Task to carry out:
Return all of the entries word for word, but omit the pictures they contain.

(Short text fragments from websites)
BEGIN

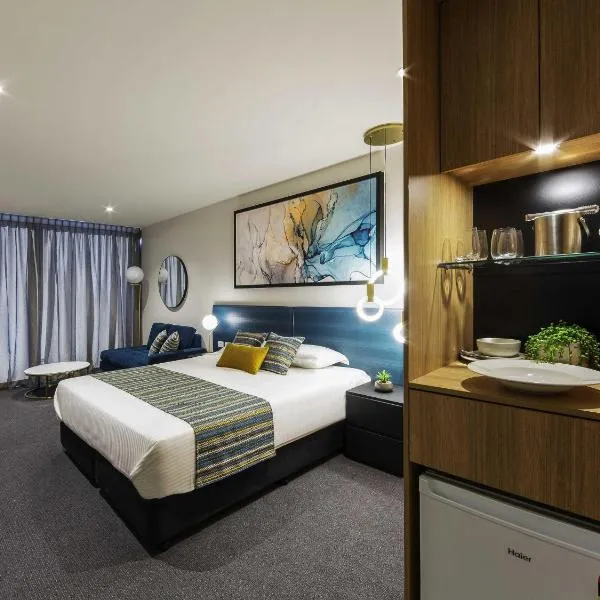 Mercure Canberra Belconnen, hotel in Canberra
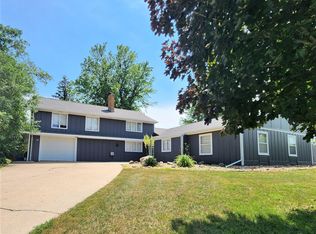 14 Elbon Dr, Pipestone, MN 56164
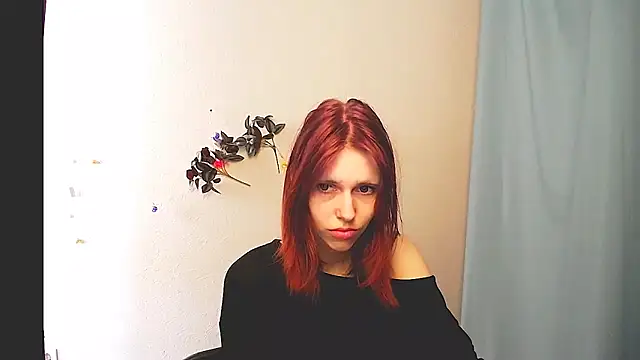 GuessMe___ live cam on StripChat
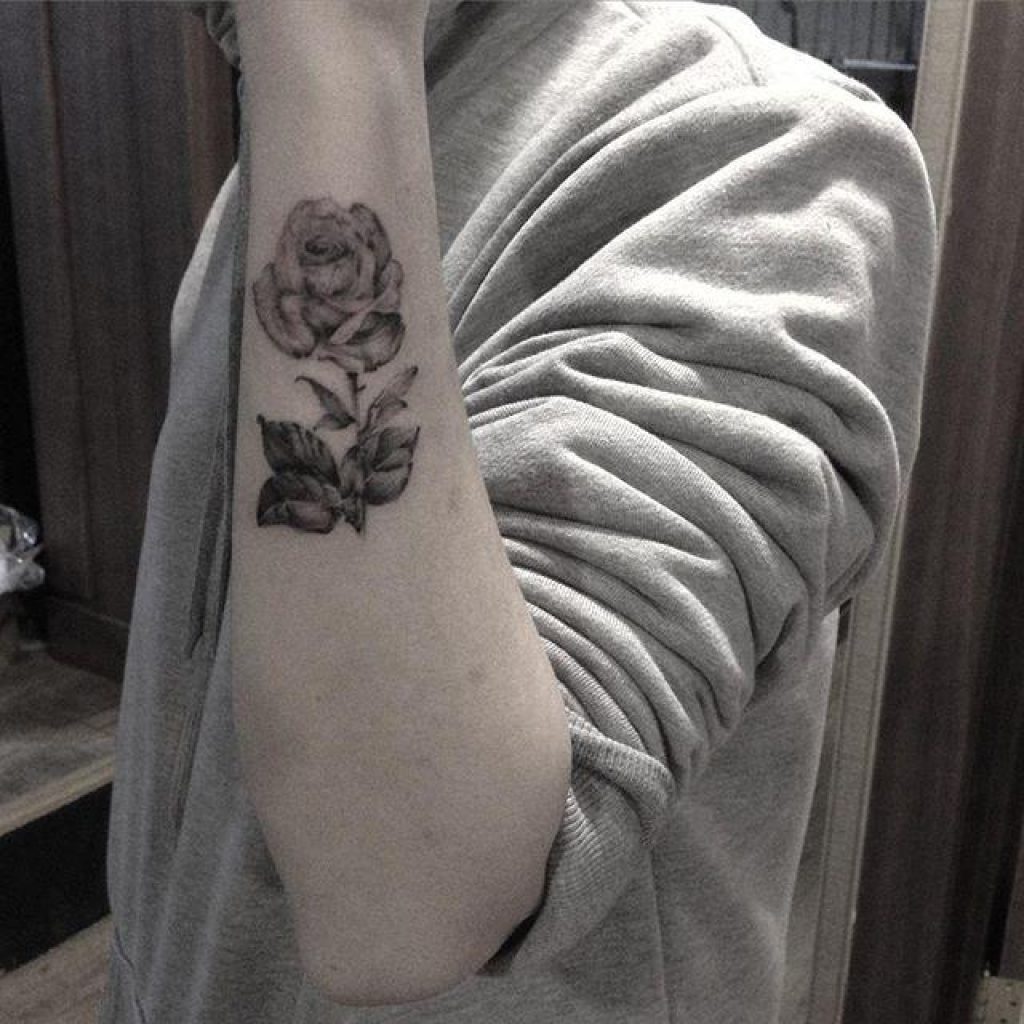 Tatuagens De Rosas Descubra O Significado E Veja Fotos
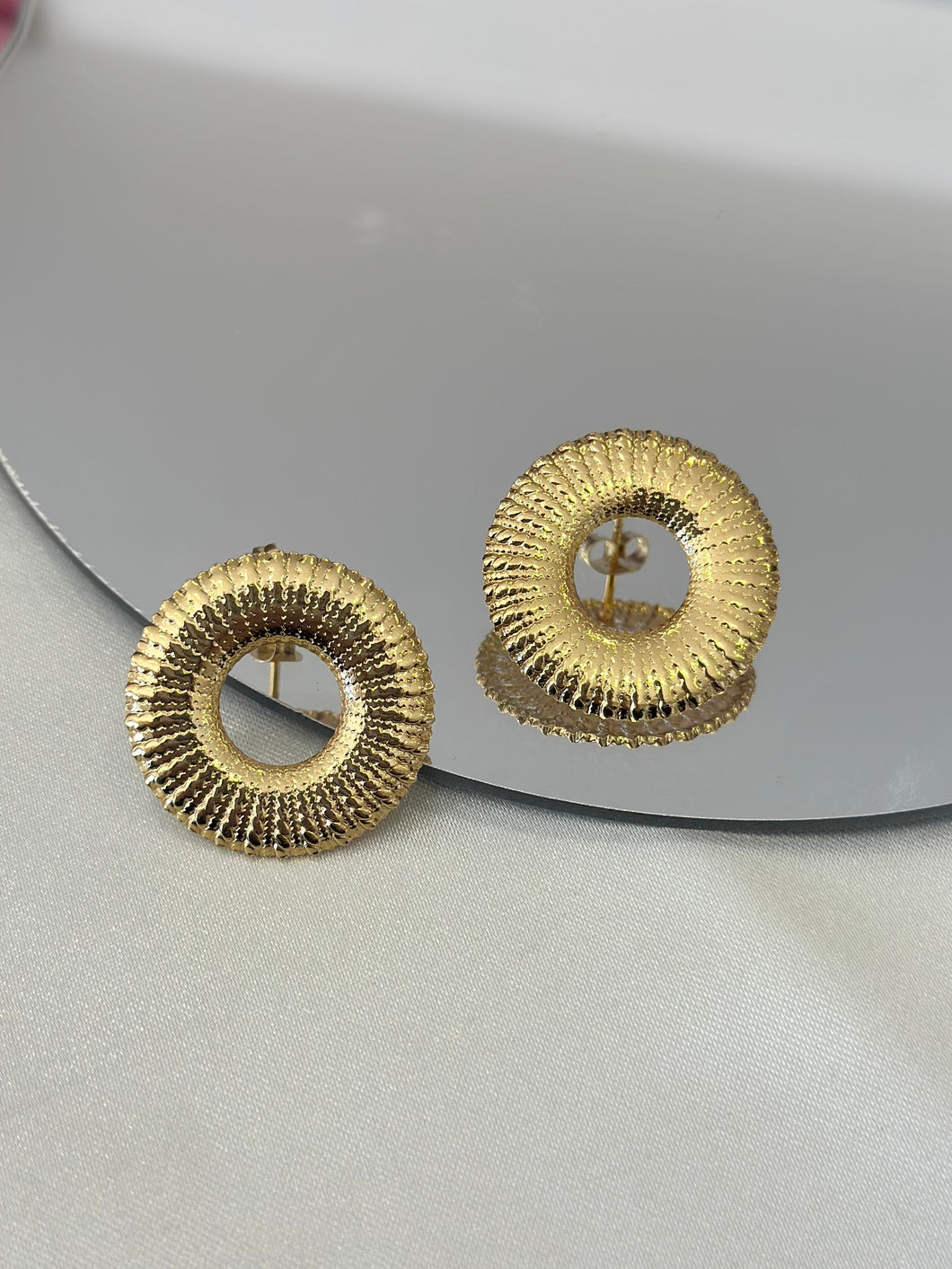 Aretes circulo hueco textura #223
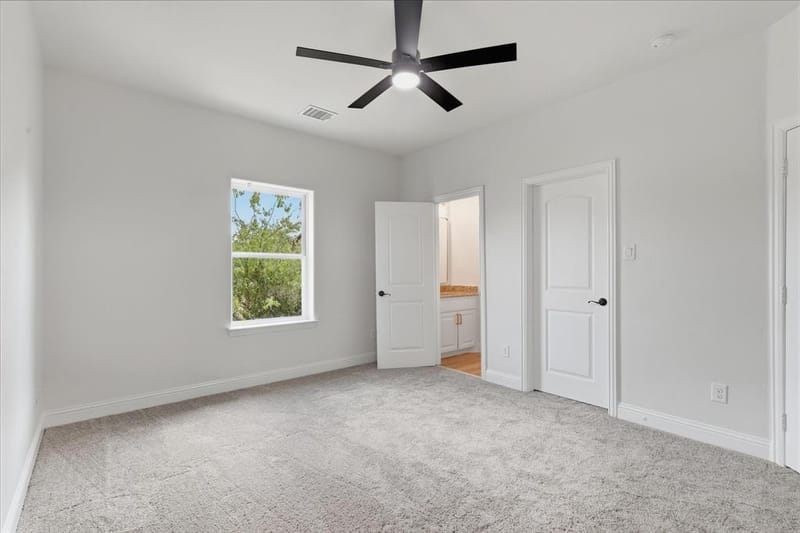 2600 Almanzor Avenue, Irving TX 75062 - Photo 29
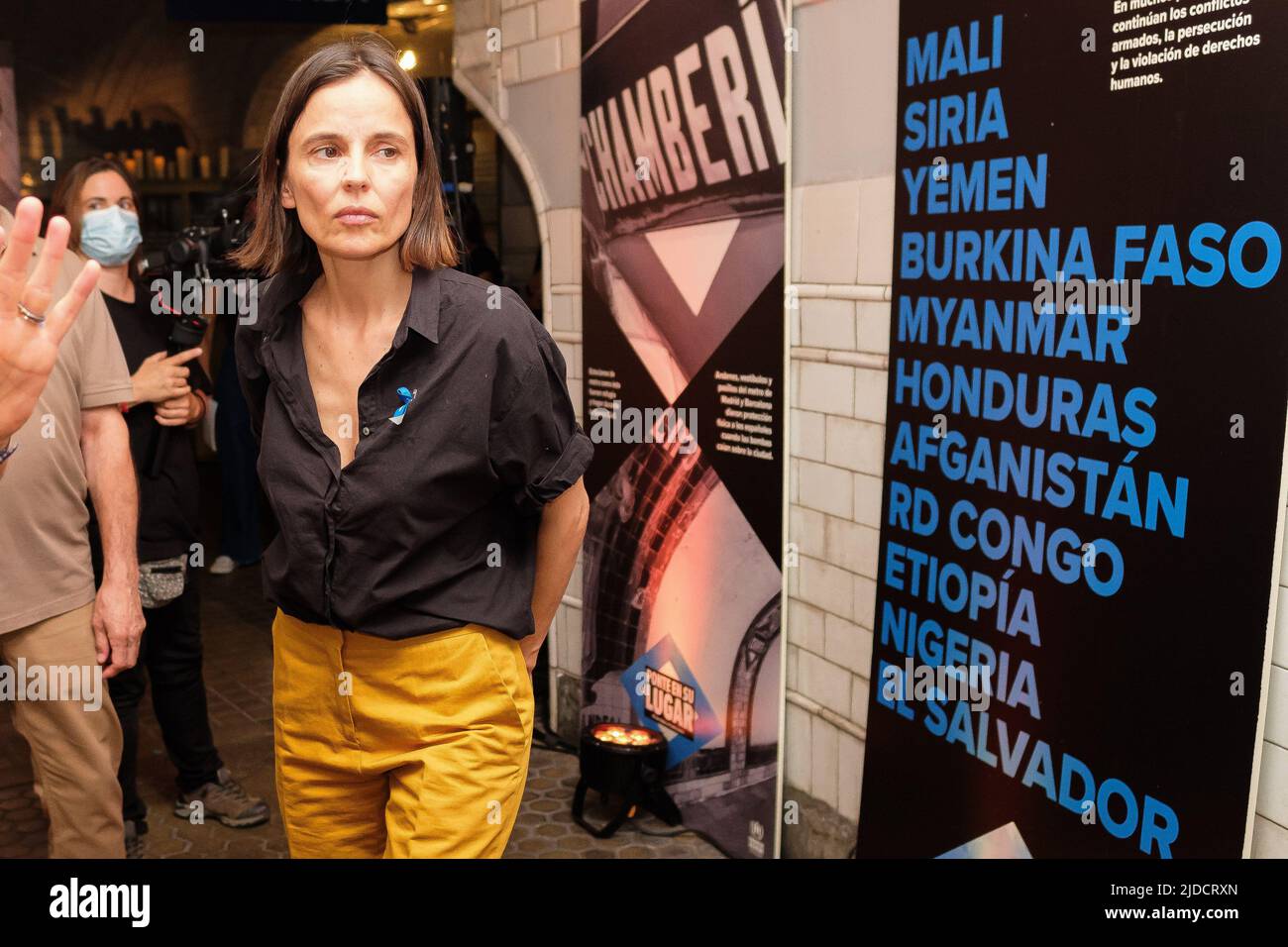 Madrid, Spanien. 20.. Juni 2022. Die Schauspielerin Elena Anaya nimmt an der Einweihung einer Nachbildung eines Luftschutzbunks auf der Station des Chamberí Museums anlässlich des Weltflüchtlingstages in Madrid Teil. (Foto: Atilano Garcia/SOPA Images/Sipa USA) Quelle: SIPA USA/Alamy Live News Stockfoto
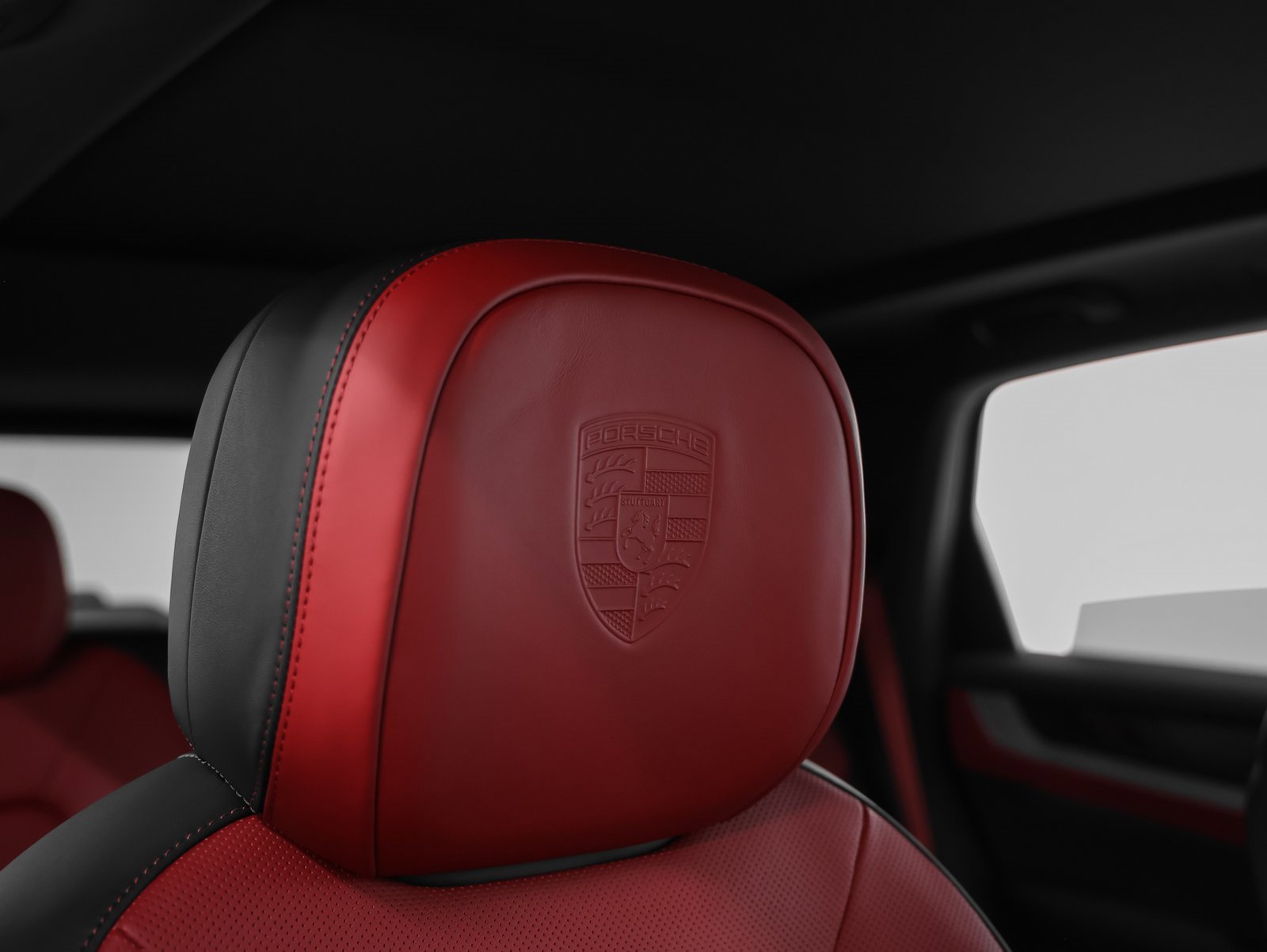 Used 2026 Porsche Cayenne S image 23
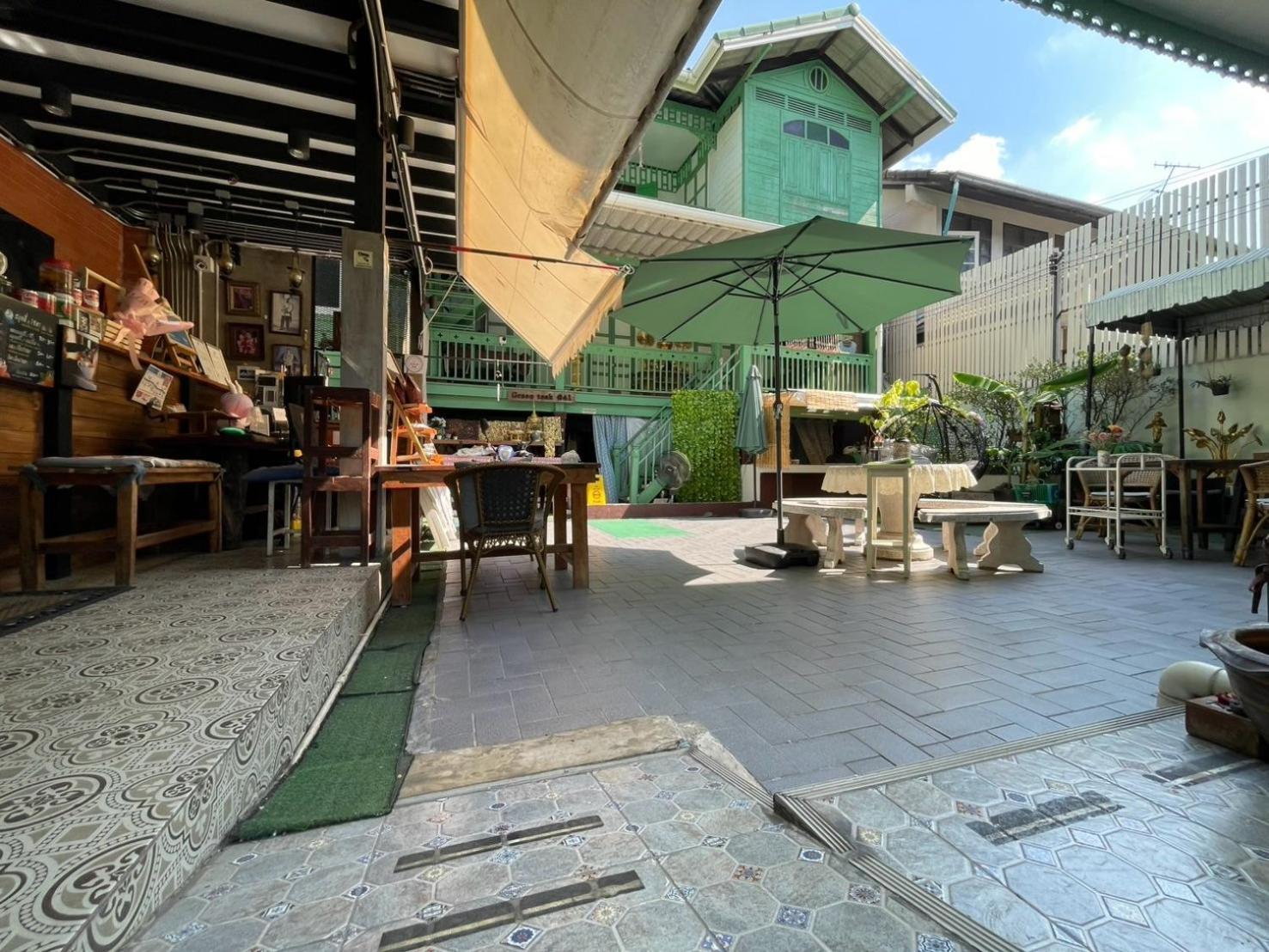 Green Teak House Bangkok Exterior photo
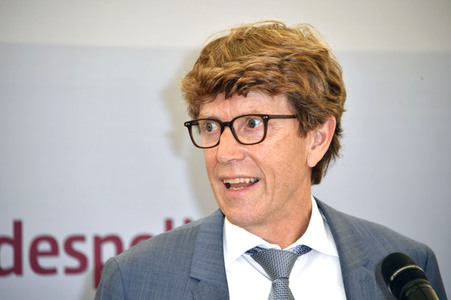 Fototermin zur Fertigstellung des Dienstgebäudes der Bundespolizei am BER in Berlin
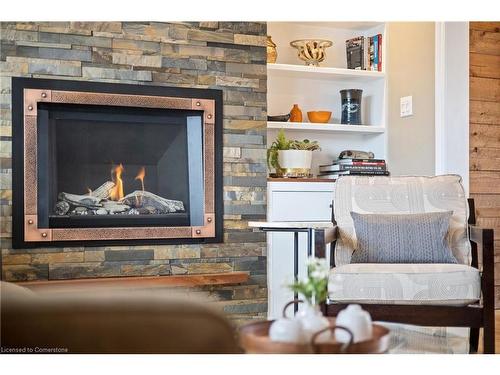 673 Inverary Road, Burlington, ON - Indoor Photo Showing Living Room With Fireplace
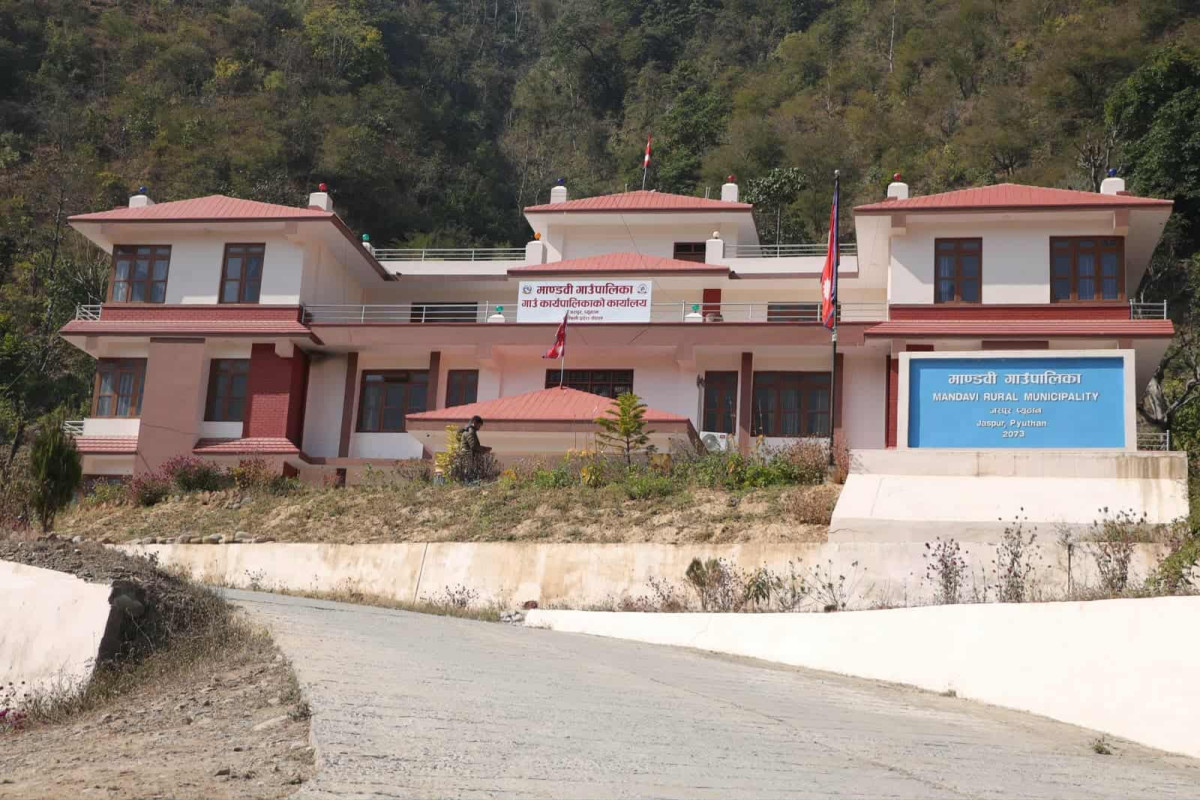 माण्डवी गाउँपालिकामा शिक्षकहरुको मनपरी काज सरुवा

END

Problem solution:
 Mercure Canberra Belconnen, hotel in Canberra
 14 Elbon Dr, Pipestone, MN 56164
 GuessMe___ live cam on StripChat
 Tatuagens De Rosas Descubra O Significado E Veja Fotos
 Aretes circulo hueco textura #223
 2600 Almanzor Avenue, Irving TX 75062 - Photo 29
 Madrid, Spanien. 20.. Juni 2022. Die Schauspielerin Elena Anaya nimmt an der Einweihung einer Nachbildung eines Luftschutzbunks auf der Station des Chamberí Museums anlässlich des Weltflüchtlingstages in Madrid Teil. (Foto: Atilano Garcia/SOPA Images/Sipa USA) Quelle: SIPA USA/Alamy Live News Stockfoto
 Used 2026 Porsche Cayenne S image 23
 Green Teak House Bangkok Exterior photo
 Fototermin zur Fertigstellung des Dienstgebäudes der Bundespolizei am BER in Berlin
 673 Inverary Road, Burlington, ON - Indoor Photo Showing Living Room With Fireplace
 माण्डवी गाउँपालिकामा शिक्षकहरुको मनपरी काज सरुवा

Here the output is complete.